Task item –
Your output should be the lines below from the one with "Minimalist Woman Line Wall Art" through the one with "Αλυσίδα λαιμού με κρεμαστό WF-K203 – Ασημί Αλυσίδα", copied exactly, pictures excluded.

Source data –
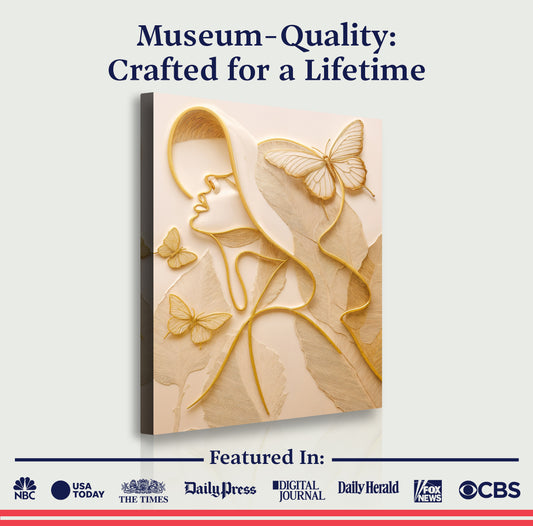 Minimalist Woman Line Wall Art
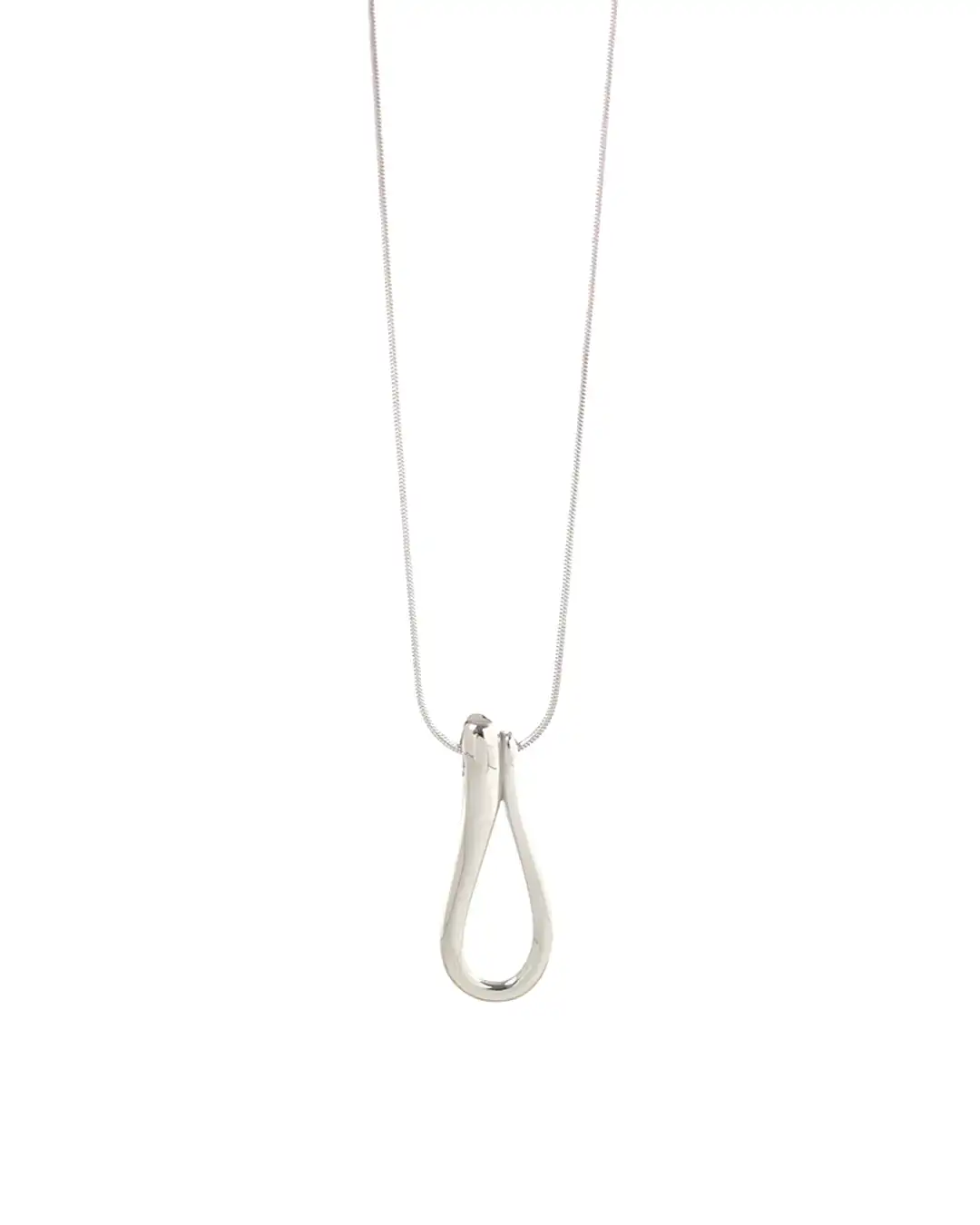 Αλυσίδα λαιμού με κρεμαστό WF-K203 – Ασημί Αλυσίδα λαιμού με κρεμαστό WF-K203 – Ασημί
==
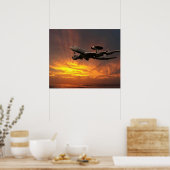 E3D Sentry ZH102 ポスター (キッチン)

Answer section –
 Minimalist Woman Line Wall Art
 Αλυσίδα λαιμού με κρεμαστό WF-K203 – Ασημί Αλυσίδα λαιμού με κρεμαστό WF-K203 – Ασημί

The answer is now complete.